Your task >> When you come to a picture, pass over it, and set down the entries below exactly.

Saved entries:

• • • • •

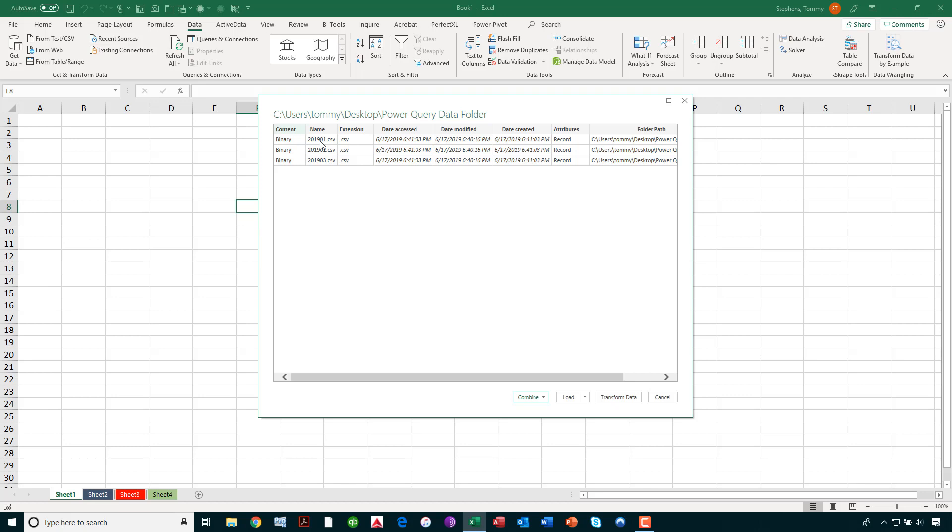And you actually can see those three files there. Notice the file names 2019, 1, 2, and 3. And let's assume, for the sake of argument, that those represent January, February, and March data. Now, it's important to understand that the files do need to be symmetrical in nature. That is, the same number of columns, the same column headers, don't necessarily have to have the same number of rows, but they do have to have the same structure in terms of the number of columns and the column headers.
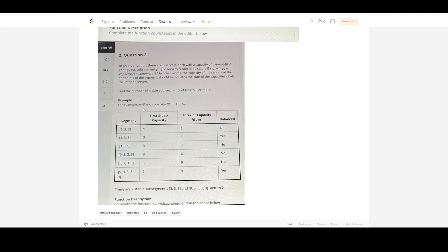We have to find the number of stable sub-segments of length 3 or more. Obviously if we are considering L and R, then L+1 to R-1 will be in the middle, so it should be at least length 3. We have to find the count of such stable sub-segments.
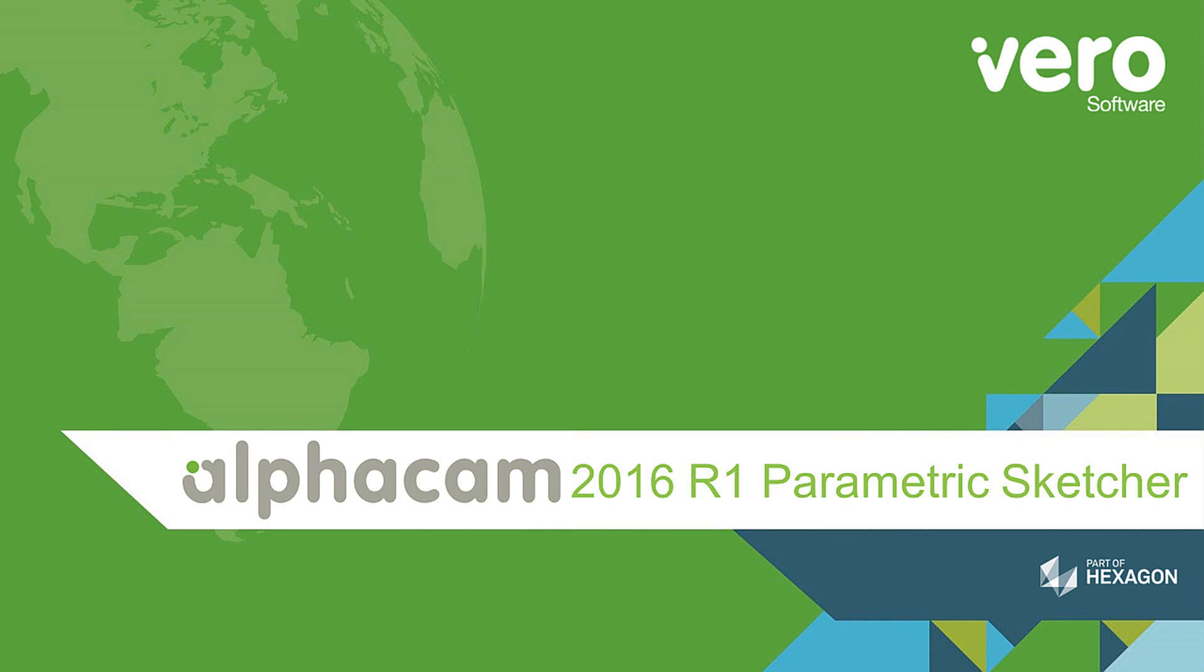This is a presentation on the new features within AlphaCam 2016 R1. This presentation will deal with the new command, ParametricSketcher.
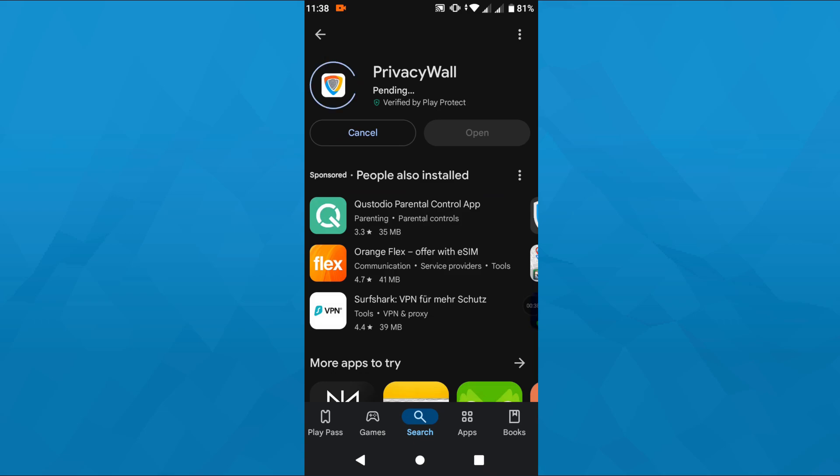Or use the voice recognition feature here to the right and after that select Privacy Wall from the list of suggested applications below and tap on install here to initiate the download and the installation process.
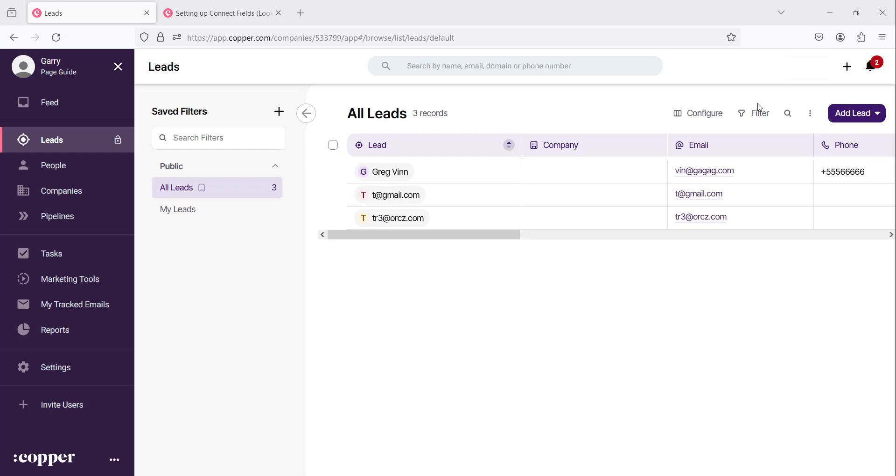Records are everywhere in CopaCRM. Leads are records, people, companies, pipelines and tasks are all records.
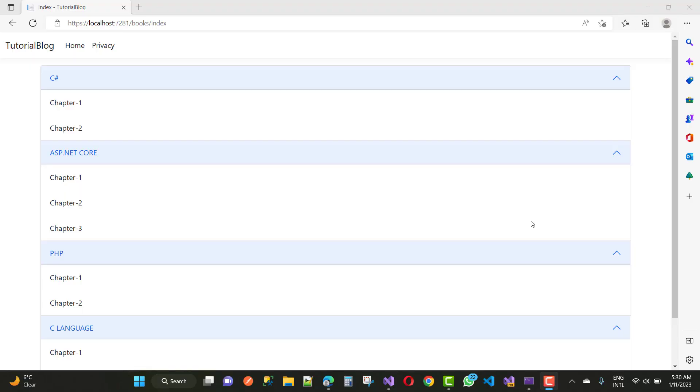Hello everyone, welcome to my channel ASP.NET Core. Today I am going to show you how to use accordion in ASP.NET Core with the database table.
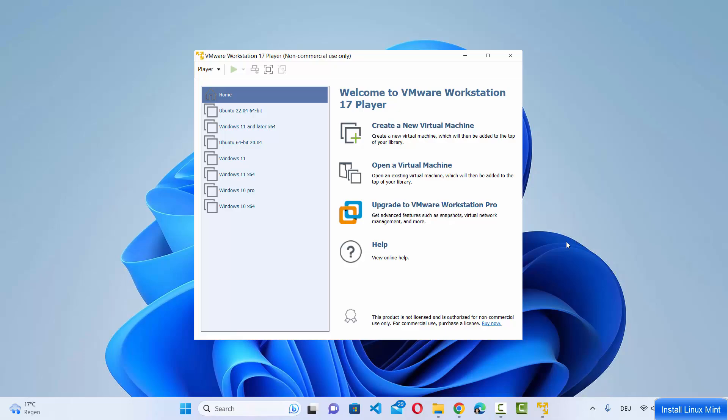In this video I'm going to show you how you can download and install Linux Mint on your VMware Workstation Player on your Windows operating system.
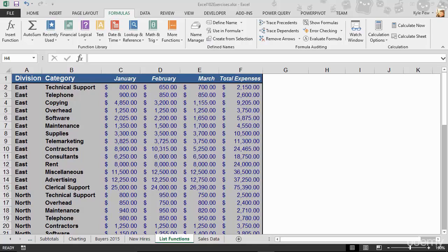I've got the example file that we've been working with, Excel 102 exercises, and I'm currently on the list functions tab. What I'm going to do here is create a calculation that will sum up the total expense column, but I only want to sum it up where the category equals supplies.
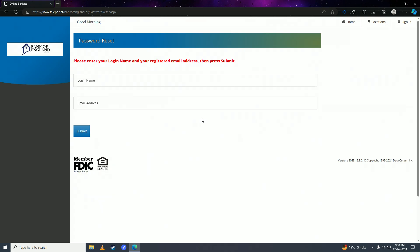So there it is guys, that is how easy it is to recover your Bank of England online bank account's password. If you guys found this video helpful, make sure to leave a like, comment and subscribe to the channel. I'll see you in my next video, peace.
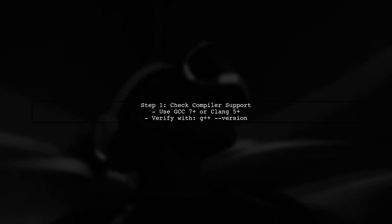To use C++17 features in Eclipse Neon, you first need to ensure that your compiler supports C++17. The most common compilers that support C++17 are GCC version 7 or later, and Clang version 5 or later.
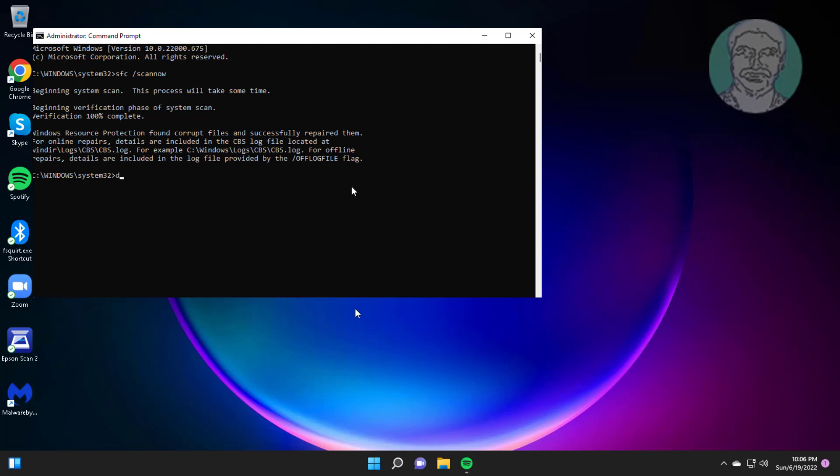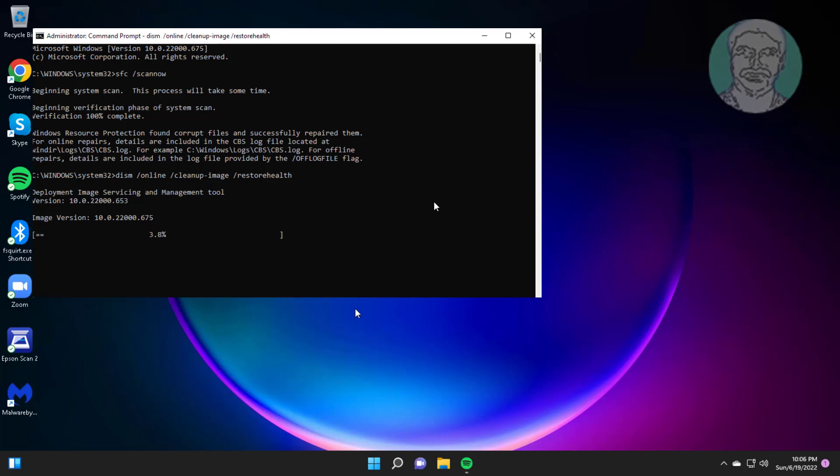Type DISM space slash online space slash cleanup-image space slash restorehealth.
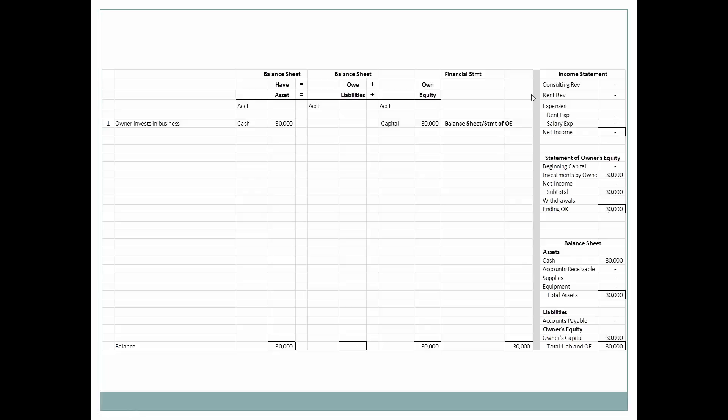Assets are on the balance sheet and on the balance sheet alone. The same holds true for liabilities — they are only found on the balance sheet. However, owner's equity is found on several financial statements. The first financial statement related to equity, or sub-accounts related to equity, is the income statement.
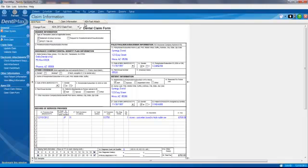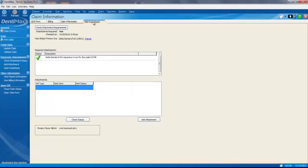And we have a new tab called NEA Fast Attach. We'll go ahead and click on that, and it says that yes, in fact, an attachment was required.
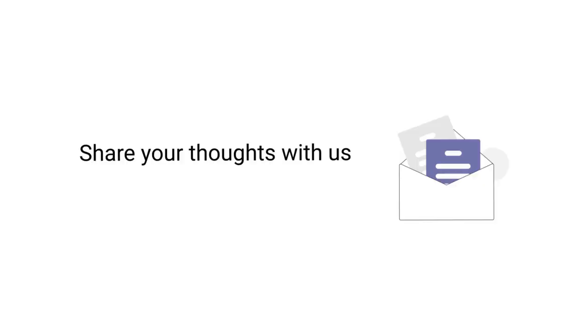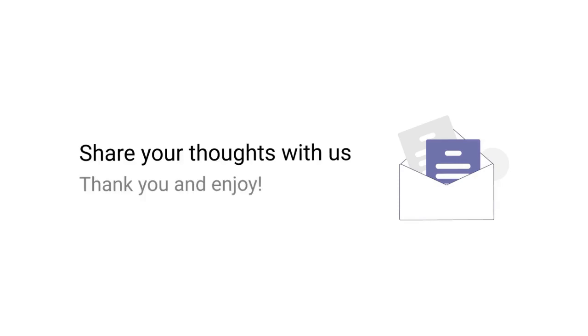We are deeply committed to continuously improving our products to better meet your needs. To help us help you, please share your thoughts with us under the dedicated feedback form linked at the bottom of this article. Thank you very much and we hope you enjoy our products.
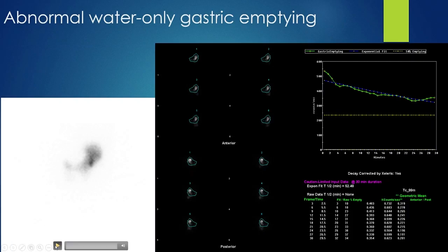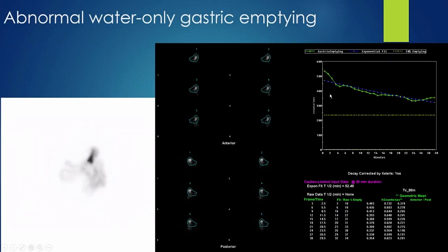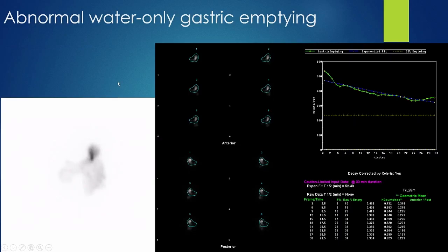And here's an abnormal water-only study. Clearly this did not empty like the normal study, with a T½ of over 50 minutes — very delayed and abnormal. Notably, this patient had a normal solid emptying study prior to this, illustrating that the two studies can diverge.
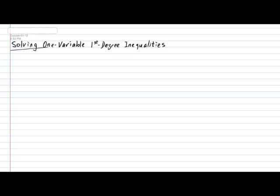Hi everyone. In today's lesson, we're going to be looking at how to solve one variable first-degree inequalities. So in your notebook, please put down today's subtitle, which is Solving One Variable First-Degree Inequalities.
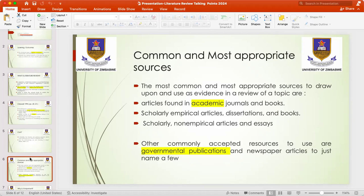It is key to take note that when doing a literature review, you must not use Wikipedia. You must use Google Scholar, accredited journals, and luckily our university has a lot of online resources which you can refer to, where you can search and find content for your topic.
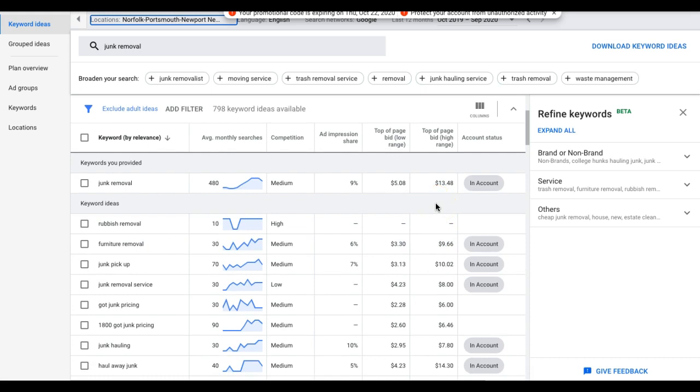If you need leads right now, you need calls today, you got to come out swinging and you got to come out with the top of the page bids because that's where all the traffic is. It's just the way it is. So you got to be competitive with everything you do in Google ads.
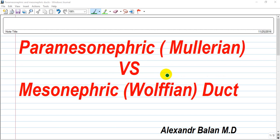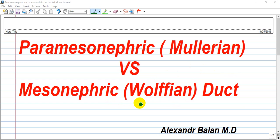Welcome back guys, our subject is from the reproductive system and we have the paramesonephric duct or Müllerian, and the mesonephric duct or Wolffian. So many of my friends confuse these terms just because of too many words from only one duct.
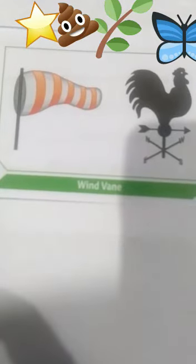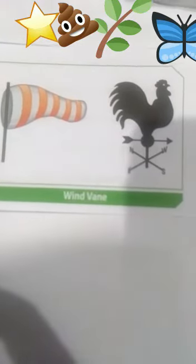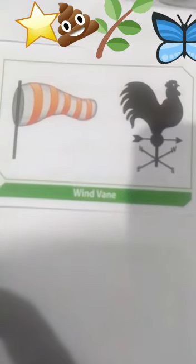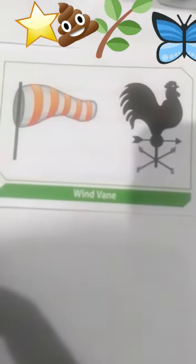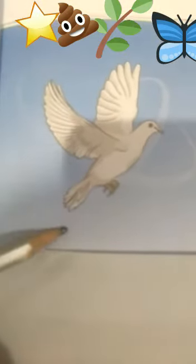A wind vane is fixed on top of a building to observe the direction of the wind. A wind vane has three moving pointers that always point in the direction in which the wind is blowing.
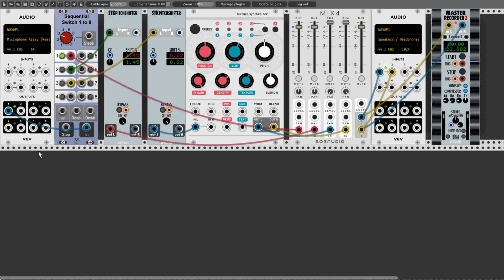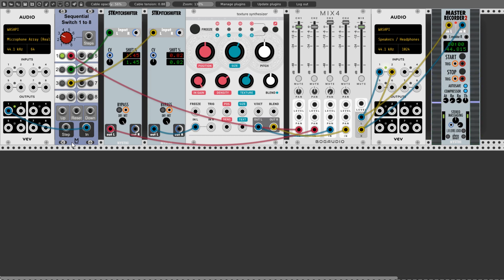Starting on the left, I have an audio module connected to my microphone. That feeds into a sequential switch. The switch isn't essential, but it makes it easier for me to swap effects. Currently the switch is on Step 1. The cable from there goes to the mixer, and then to the output connected to my speakers.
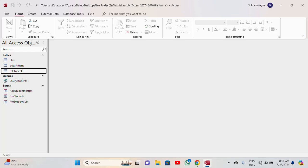Today we are going to look at how to manually save a record on a form using VBA. What I mean is — most of us know that Access is auto-save. When you input anything on a form and close it, the record is automatically saved in the table. Let me show you what I mean.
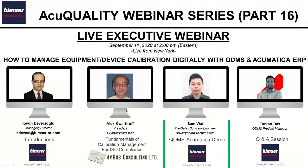Before further ado, I'd like to invite Sam, our pre-sales software engineer, to our virtual stage. Sam will be showing and telling about QDMS and calibration management in the digital environment. And then we'll continue with Alex as to fundamentals of calibration management. Sam, if you are ready, would you like to take over the screen?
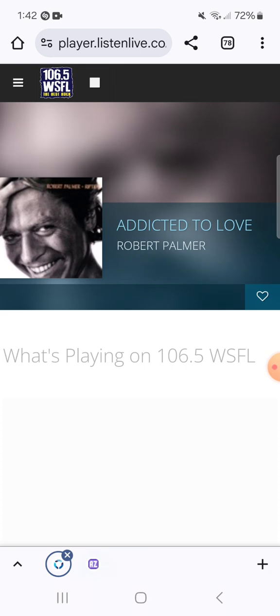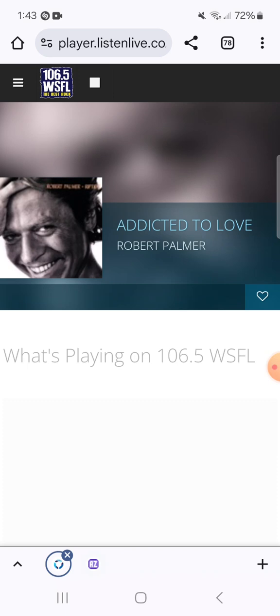106.5 WSFL, your home for John Boy and Billy in the morning. The best rock all thousand song no repeat weekend long, not playing the same song twice for you this weekend.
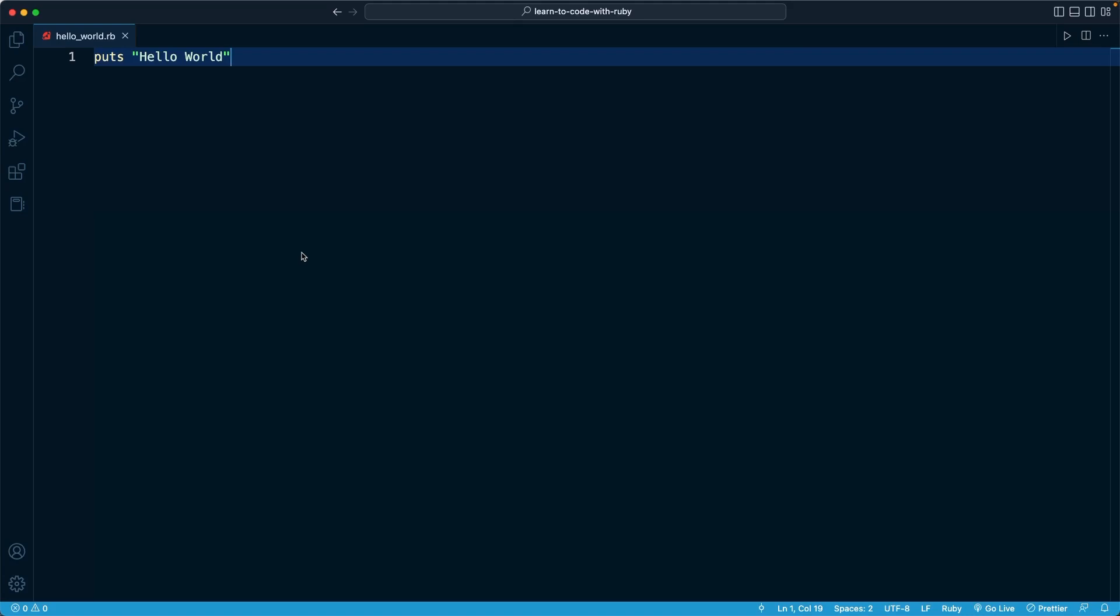In the previous lesson, we wrote and executed our first bit of Ruby code, and we ran it by using the code runner extension within VS Code.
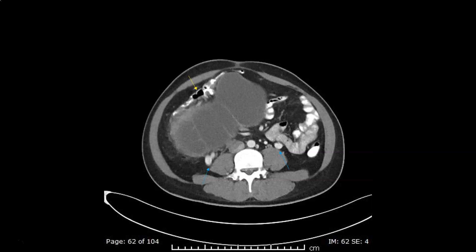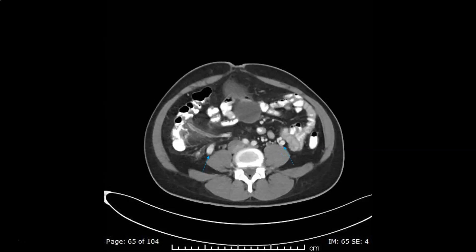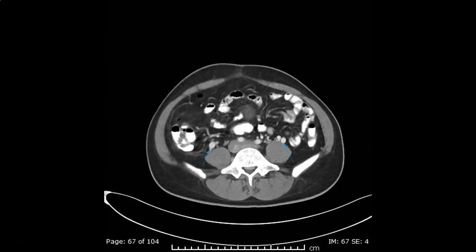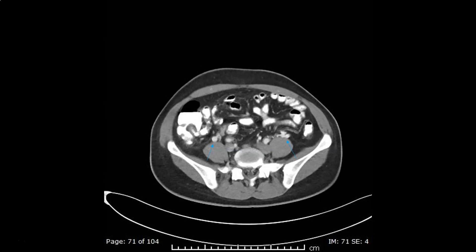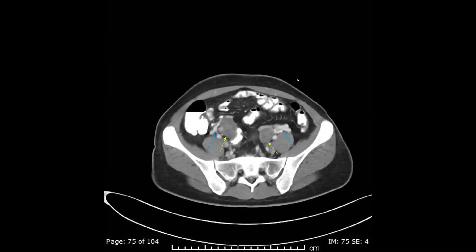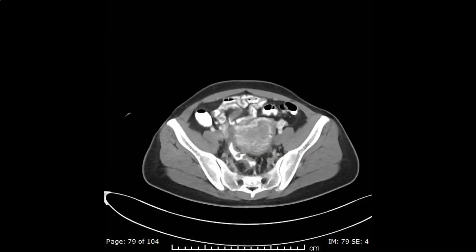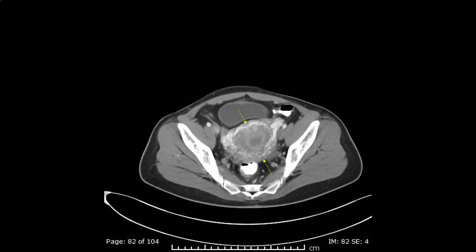We see downward displacement of the transverse colon, and we can still trace the ovarian veins down until they join the ovaries. The ovaries are pointed to by the yellow arrows.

• • • • •

Answer space >>
And you actually can see those three files there. Notice the file names 2019, 1, 2, and 3. And let's assume, for the sake of argument, that those represent January, February, and March data. Now, it's important to understand that the files do need to be symmetrical in nature. That is, the same number of columns, the same column headers, don't necessarily have to have the same number of rows, but they do have to have the same structure in terms of the number of columns and the column headers.
We have to find the number of stable sub-segments of length 3 or more. Obviously if we are considering L and R, then L+1 to R-1 will be in the middle, so it should be at least length 3. We have to find the count of such stable sub-segments.
This is a presentation on the new features within AlphaCam 2016 R1. This presentation will deal with the new command, ParametricSketcher.
Or use the voice recognition feature here to the right and after that select Privacy Wall from the list of suggested applications below and tap on install here to initiate the download and the installation process.
Records are everywhere in CopaCRM. Leads are records, people, companies, pipelines and tasks are all records.
Hello everyone, welcome to my channel ASP.NET Core. Today I am going to show you how to use accordion in ASP.NET Core with the database table.
In this video I'm going to show you how you can download and install Linux Mint on your VMware Workstation Player on your Windows operating system.
I've got the example file that we've been working with, Excel 102 exercises, and I'm currently on the list functions tab. What I'm going to do here is create a calculation that will sum up the total expense column, but I only want to sum it up where the category equals supplies.
So there it is guys, that is how easy it is to recover your Bank of England online bank account's password. If you guys found this video helpful, make sure to leave a like, comment and subscribe to the channel. I'll see you in my next video, peace.
To use C++17 features in Eclipse Neon, you first need to ensure that your compiler supports C++17. The most common compilers that support C++17 are GCC version 7 or later, and Clang version 5 or later.
Type DISM space slash online space slash cleanup-image space slash restorehealth.
Assets are on the balance sheet and on the balance sheet alone. The same holds true for liabilities — they are only found on the balance sheet. However, owner's equity is found on several financial statements. The first financial statement related to equity, or sub-accounts related to equity, is the income statement.
And we have a new tab called NEA Fast Attach. We'll go ahead and click on that, and it says that yes, in fact, an attachment was required.
We are deeply committed to continuously improving our products to better meet your needs. To help us help you, please share your thoughts with us under the dedicated feedback form linked at the bottom of this article. Thank you very much and we hope you enjoy our products.
And here's an abnormal water-only study. Clearly this did not empty like the normal study, with a T½ of over 50 minutes — very delayed and abnormal. Notably, this patient had a normal solid emptying study prior to this, illustrating that the two studies can diverge.
Hi everyone. In today's lesson, we're going to be looking at how to solve one variable first-degree inequalities. So in your notebook, please put down today's subtitle, which is Solving One Variable First-Degree Inequalities.
It is key to take note that when doing a literature review, you must not use Wikipedia. You must use Google Scholar, accredited journals, and luckily our university has a lot of online resources which you can refer to, where you can search and find content for your topic.
If you need leads right now, you need calls today, you got to come out swinging and you got to come out with the top of the page bids because that's where all the traffic is. It's just the way it is. So you got to be competitive with everything you do in Google ads.
Welcome back guys, our subject is from the reproductive system and we have the paramesonephric duct or Müllerian, and the mesonephric duct or Wolffian. So many of my friends confuse these terms just because of too many words from only one duct.
A wind vane is fixed on top of a building to observe the direction of the wind. A wind vane has three moving pointers that always point in the direction in which the wind is blowing.
Starting on the left, I have an audio module connected to my microphone. That feeds into a sequential switch. The switch isn't essential, but it makes it easier for me to swap effects. Currently the switch is on Step 1. The cable from there goes to the mixer, and then to the output connected to my speakers.
Today we are going to look at how to manually save a record on a form using VBA. What I mean is — most of us know that Access is auto-save. When you input anything on a form and close it, the record is automatically saved in the table. Let me show you what I mean.
Before further ado, I'd like to invite Sam, our pre-sales software engineer, to our virtual stage. Sam will be showing and telling about QDMS and calibration management in the digital environment. And then we'll continue with Alex as to fundamentals of calibration management. Sam, if you are ready, would you like to take over the screen?
106.5 WSFL, your home for John Boy and Billy in the morning. The best rock all thousand song no repeat weekend long, not playing the same song twice for you this weekend.
In the previous lesson, we wrote and executed our first bit of Ruby code, and we ran it by using the code runner extension within VS Code.
We see downward displacement of the transverse colon, and we can still trace the ovarian veins down until they join the ovaries. The ovaries are pointed to by the yellow arrows.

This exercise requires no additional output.